Sono 20, in particolare, le intrusioni (o altro genere di cyber-eventi non meglio specificato) che il Comitato sostiene di aver scovato su un periodo di tempo di 12 mesi, e nove di queste intrusioni erano indirizzate ai network di altrettanti contractor della Difesa. Dietro i cyber-attacchi ci sono i militari cinesi, su questo il Senato del paese impelagato nel clamoroso scandalo del Datagate non sembra avere alcun dubbio, sebbene non venga fornita nemmeno l’ombra di una prova concreta a supporto della nuova accusa contro gli hacker d’oriente.
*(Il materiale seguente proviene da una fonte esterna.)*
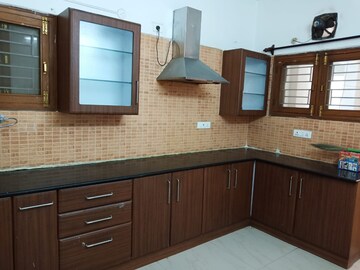 Kitchen in 3 BHK Apartment at Patels Golf Links, Yapral – for Sale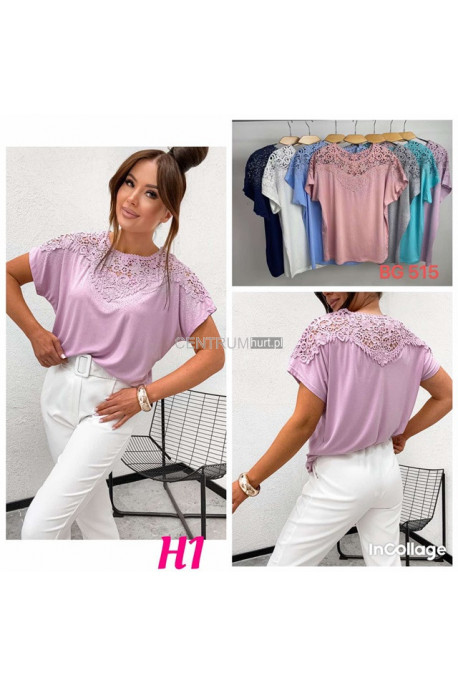 Bluzka damska (2XL-5XL) 1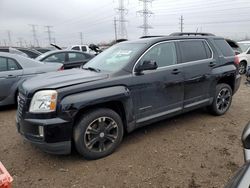 GMC Terrain Vehiculos salvage en venta: 2017 GMC Terrain SLE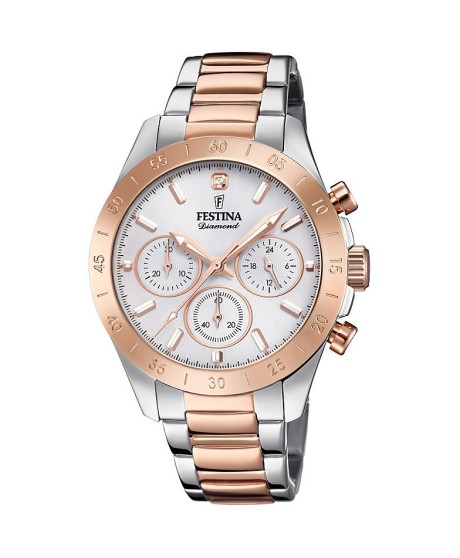 Orologio Cronografo Donna Festina Boyfriend - F20398/1 [f95b4e42]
Gli attaccanti sono riusciti a sottrarre email, documenti, chiavi d’accesso di account e codice sorgente dai contractor, dalle società di trasporto civili – ma usate anche dai militari – su una nave commerciale e altrove, accusa il Comitato del Senato USA. Quel che è peggio, dice ancora il rapporto, è che le aziende coinvolte negli incidenti non ne hanno fatto parola con le autorità, un fallimento nella disclosure altrettanto inquietante degli attacchi veri e proprio e che spinge i senatori a evocare nuove policy di coordinamento per evitare il ripetersi di nuovi incidenti in futuro.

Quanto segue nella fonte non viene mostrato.